There is a letter that the Alter Rebbe, Rabbi Schneur Zalman, wrote upon his return from prison in Petersburg, right after the great victory he had over his opponents. It’s printed in the section of Tanya titled Iggeres HaKodesh, the second epistle, beginning with the word “Kotonti.”
In this letter, the Alter Rebbe guided the Chassidim on how they should relate to those who antagonized them. He instructed the Chassidim to emulate the attribute of Yaakov Avinu, viewing oneself as mere “remnants,” something truly superfluous and dispensable.
He continued, “Your heart should not grow haughty over your brothers.”
You may ask, “Are these my brothers? These people wanted to kill my Rebbe! The slanderous accusations against the Alter Rebbe focused on how he is a mored b’malchus, a traitor.
The background is that Rabbi Schneur Zalman supported “our brethren in the Holy Land” very strongly, as evident from his many letters. Avigdor and the other antagonists (misnagdim) accused the Alter Rebbe that the money he was sending to the Holy Land was intended to go to the Turkish Sultan, who governed over the Holy Land, to help overthrow the Russian government. This was a crime requiring capital punishment, and here the Alter Rebbe refers to them as “your brothers” and cautions the Chassidim not to act as if they are bigger than them!
What if a chossid meets a group of those antagonists? Can he scream at them and tell them that what they did was inhuman? Not attacking them physically, only talking to them. But the Alter Rebbe writes further, “Don’t open your mouth against them!”

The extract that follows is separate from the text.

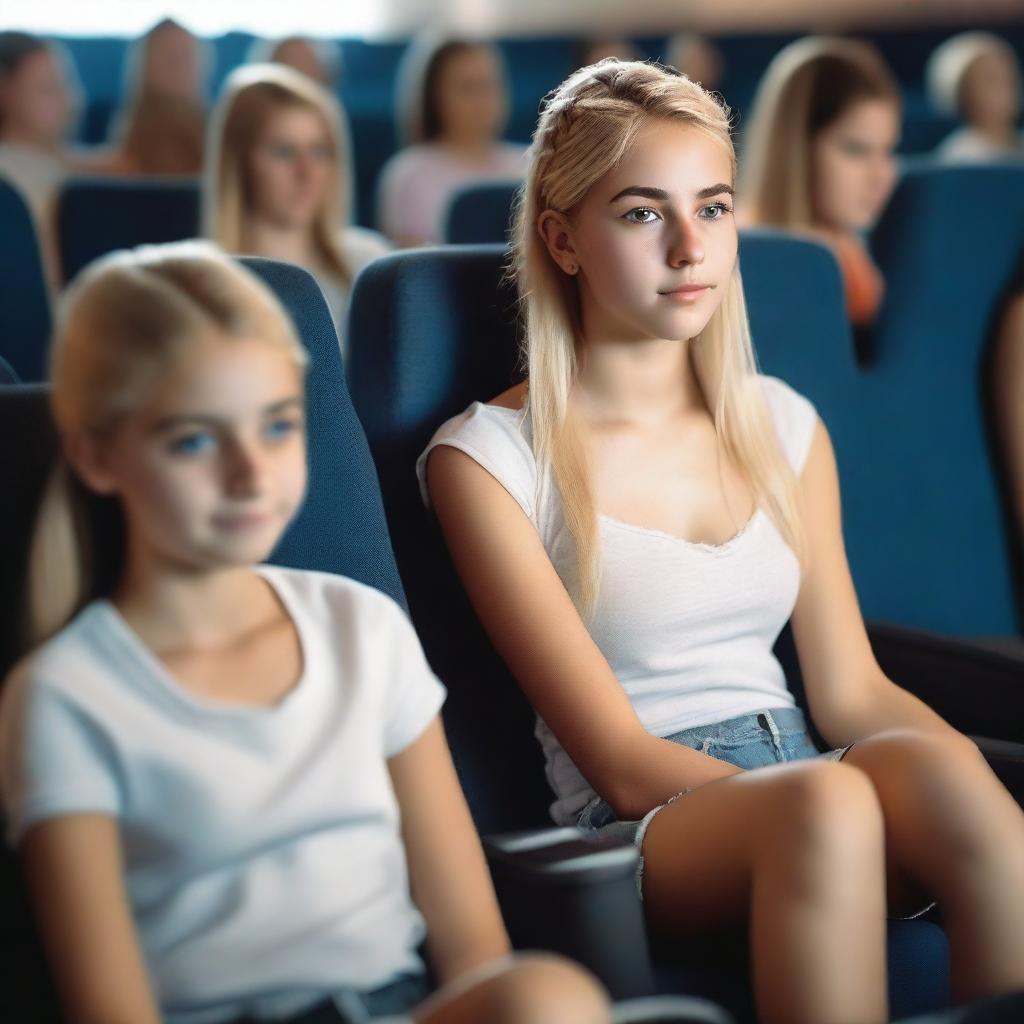 A hyper-realistic image of a Uruguayan teenage girl with a blonde ponytail sitting in a cinema with friends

What about whistling derisively at them (in Yiddish, zei unfaifin)? The Alter Rebbe forbids that as well, even adding, “Chas v’sholom – G-d forbid!”
How are we to understand this? G-d forbid to whistle against the one who wanted to kill your Rebbe? But that’s what the Alter Rebbe instructed.
Then, with a rare expression not found anywhere else in Tanya, the Alter Rebbe adds, “Azhoroh noro’oh – A strict warning: hold your peace! Don’t mention anything!”
What, then, should be the approach to those antagonists when seeing them?
“Lower your spirit” – act with absolute humility before them. And if you must talk to them, speak “softly… with a restrained spirit… And through all this, perhaps G-d will put [a conciliatory and loving response] into the heart of their brethren, [for] “as waters [reflect] one’s face, [so does the heart of one man reflect the heart of another].”
When you look at all this, it’s mind boggling – that in dealing with the harshest antagonists, our response shouldn’t be to scream at them but rather talk to them in a subdued manner as if we owe them the world.
Note that the Alter Rebbe did not write this years later but immediately after his release from prison.
This is an unparalleled form of Ahavas Yisroel that we don’t find anywhere else. And this is what the Alter Rebbe requested of the Chassidim.